Oleh Hamidulloh Ibda
Direktur Utama Forum Muda Cendekia (Formaci) Jateng
Saya kadang tertawa tanpa henti ketika ada orang muslim
mengatakan orang kafir adalah orang non-muslim, termasuk Ahok. Maka, sebagian
orang yang mengatasnamakan Islam pun berduyun-duyun mendemo Ahok untuk turun
dari jabatan Gubernur DKI Jakarta dan mengharamkan dia Nyagub di Pilkada
Jakarta 2017.
Dalam Islam, idiom kafir memang banyak tafsir. Tapi yang
jelas, "kafir" dengan "tafsir kafir" jelas berbeda. Sama
halnya "Islam" dengan "tafsir Islam" jelas beda. Kemudian
juga "manis" dengan "tafsir manis" berbeda pula.

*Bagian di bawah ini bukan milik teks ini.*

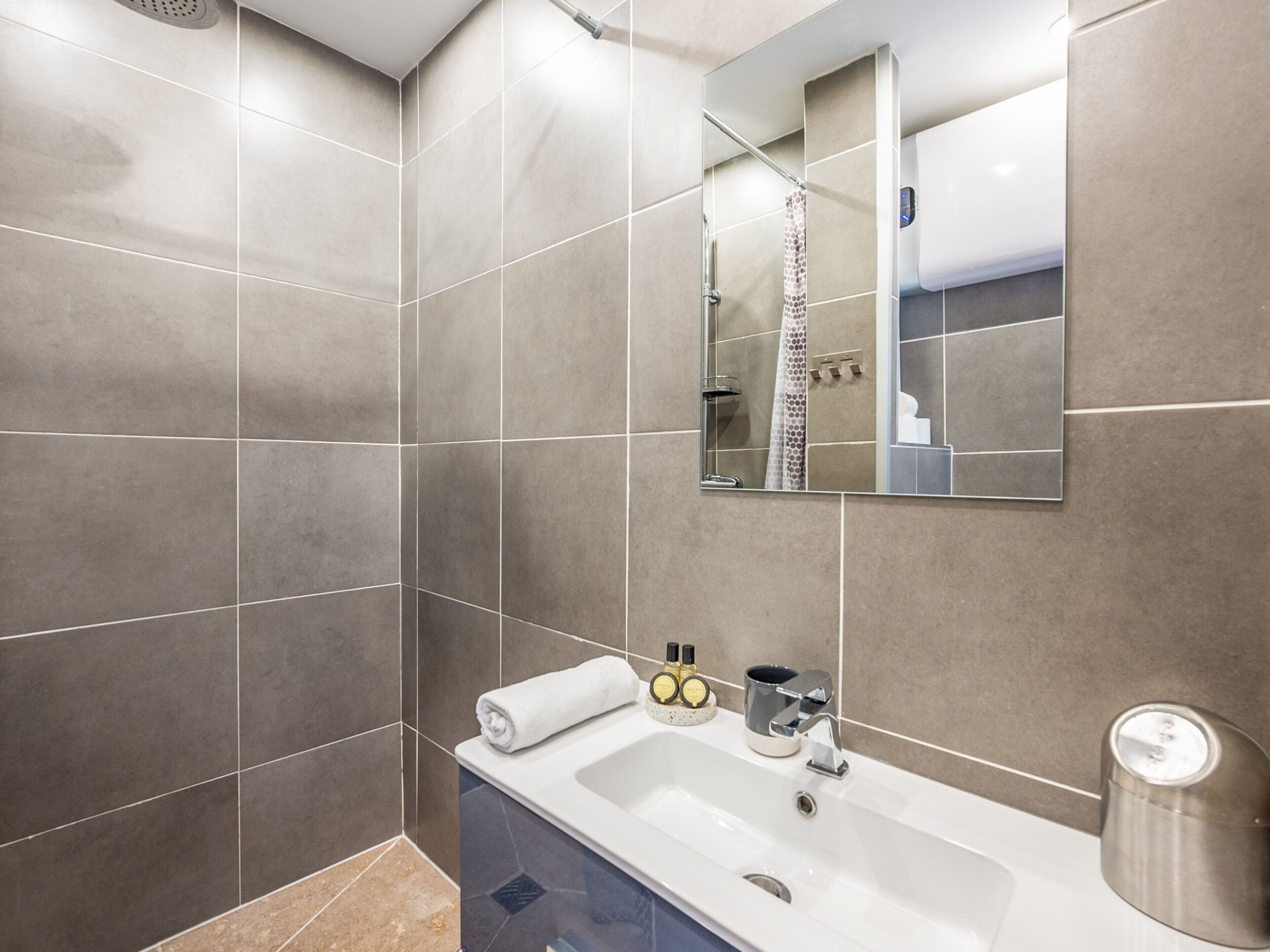 Shower, free toiletries, hair dryer, towels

Kafir, berasal dari bahasa Arab yang berasal dari
"kafir-kuffar". Kita tidak bisa mendefinisikan kafir hanya dari
epistemologi saja, namun harus belajar soal antropologi, filologi dan sejarah
kata kafir itu sendiri.
Dulu, saat awal-awal Islam tumbuh sekira abad 7 Masehi, kata
kafir adalah datang dari para petani. Istilah "kafir" berarti
"menutupi". Sebab, pekerjaan petani adalah menutupi tanah atau sawah
dengan tanaman. Maka, kafir itu diartikan sebagai "aktivitas menutupi".
Lalu, apakah petani itu kafir? Saya jawab benar. Namun,
dalam konteks budaya saja, bukan konteksi teologi atau ketuhanan.

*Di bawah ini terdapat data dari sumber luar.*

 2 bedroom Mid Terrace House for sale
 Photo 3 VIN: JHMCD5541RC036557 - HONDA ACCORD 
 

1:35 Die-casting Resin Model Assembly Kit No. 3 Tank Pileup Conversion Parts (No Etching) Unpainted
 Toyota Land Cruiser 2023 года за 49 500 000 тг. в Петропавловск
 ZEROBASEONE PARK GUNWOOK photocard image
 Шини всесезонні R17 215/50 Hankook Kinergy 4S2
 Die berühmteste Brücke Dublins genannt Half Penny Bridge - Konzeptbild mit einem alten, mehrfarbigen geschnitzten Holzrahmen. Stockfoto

Kafir adalah bahasa budaya. Setelah lambat laun, istilah
kafir justru melekat pada dunia ketuhanan. Sebab, saat ini banyak yang menutupi
kebenaran Allah dan kebenaran Islam. Jadi kafir di sini adalah
"orang-orang yang menutupi kebenaran Allah". Ia disebut kafir.

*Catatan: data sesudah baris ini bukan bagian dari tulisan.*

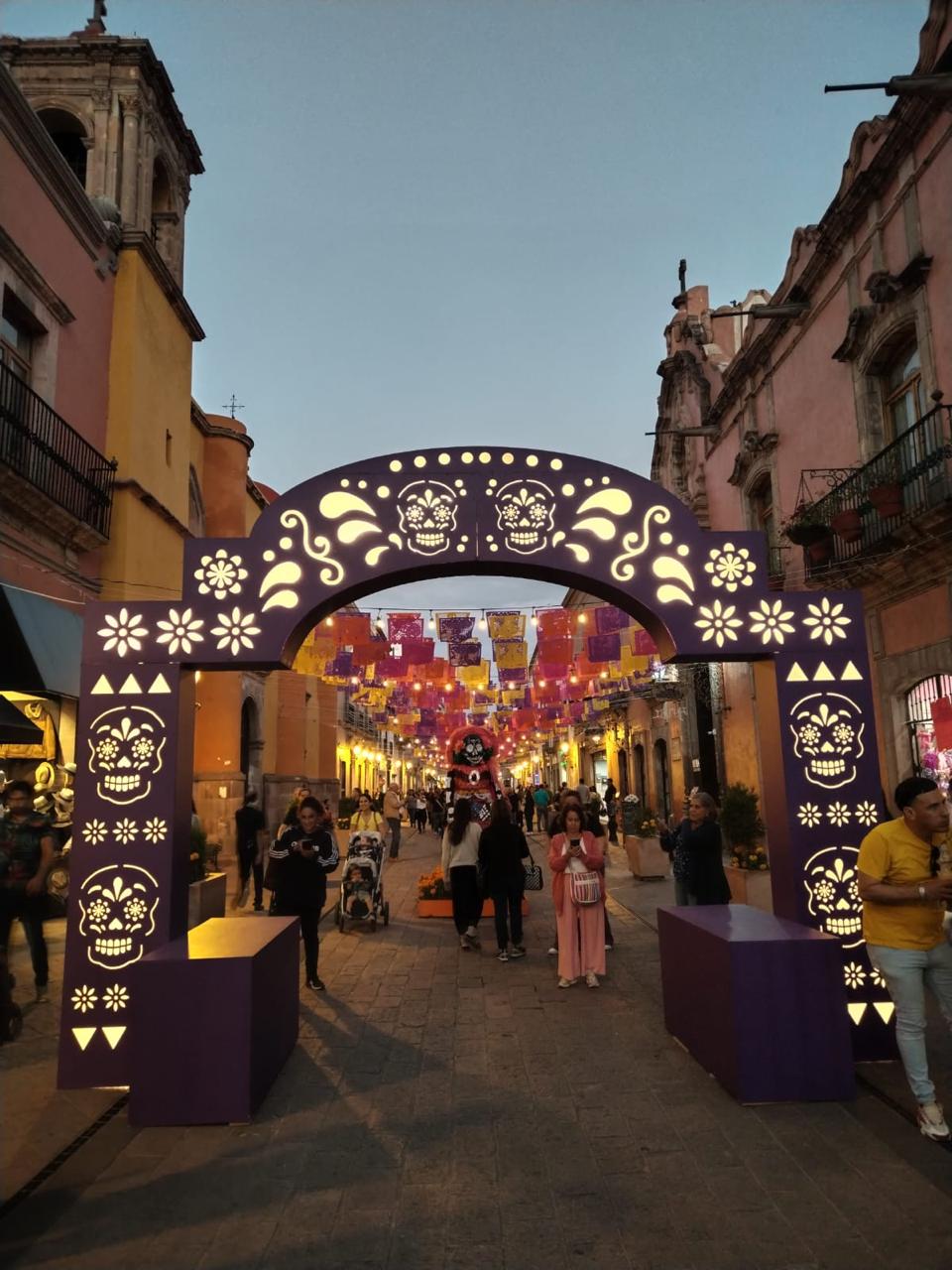Imagen de Secretaría de Turismo de Querétaro rinde homenaje a policías caídos con altar monumental 6
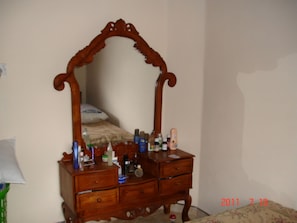 2 bedrooms, iron/ironing board, bed sheets
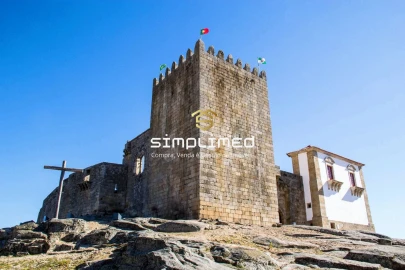 Moradia T4 para Venda em Três Povos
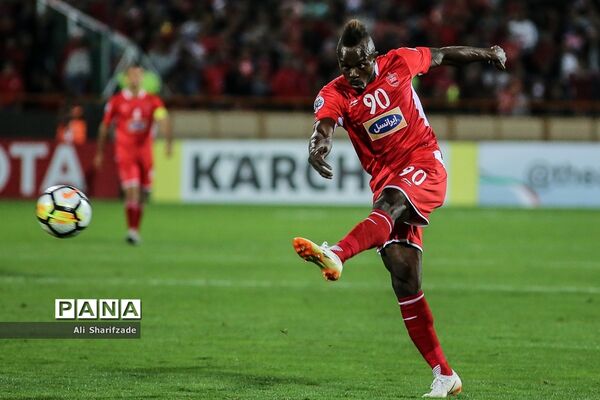 دیدار تیم های فوتبال پرسپولیس و السد قطر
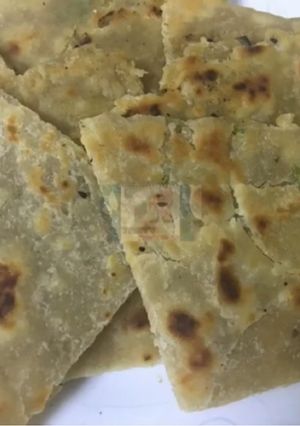 A picture of Pyaz kalonji paratha.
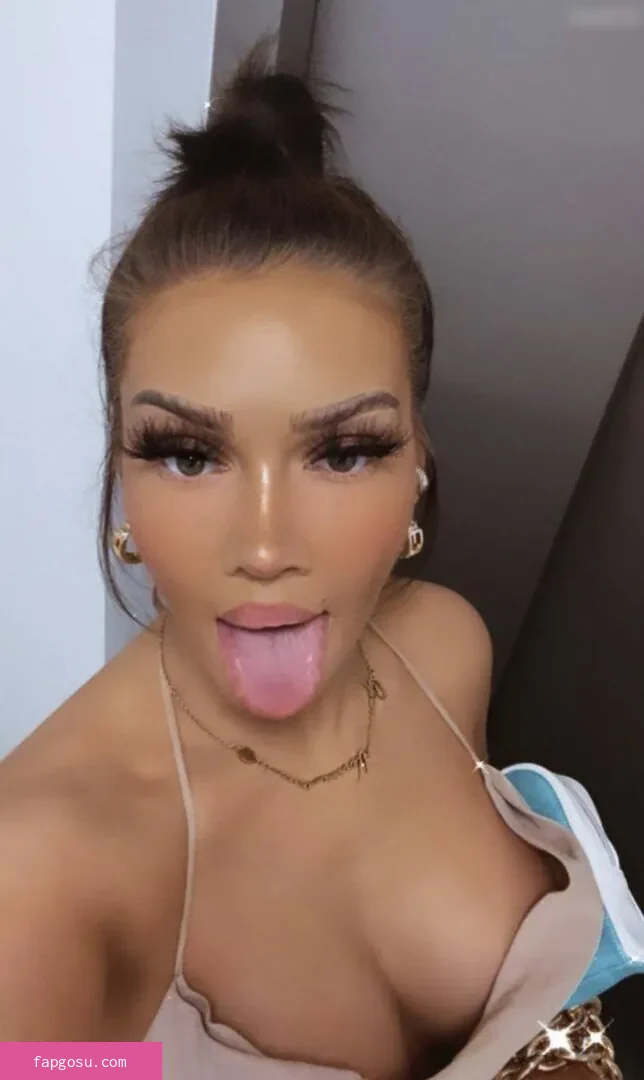 Shirin David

Sama seperti kufur nikmat, berarti mereka menutupi nikmat
yang sudah diberikan Tuhan kepada dirinya. Ia disebut kufur nikmat.
Asumsi kata kafir, kemudian juga melebar dalam Bahasa
Inggris yaitu "cover". Jadi cover itu adalah penutup isi buku atau
suatu makalah atau jenis kertas yang dijilid. Kalau kafir itu adalah menutupi
kebenaran, kalau cover menutupi segala sesuatu yang melekat dengan dia.
Nah, sekarang sudah ketemu apa itu kafir, cover dan kufur.
Dus, saya kembali bertanya, apakah orang yang non Islam itu kafir?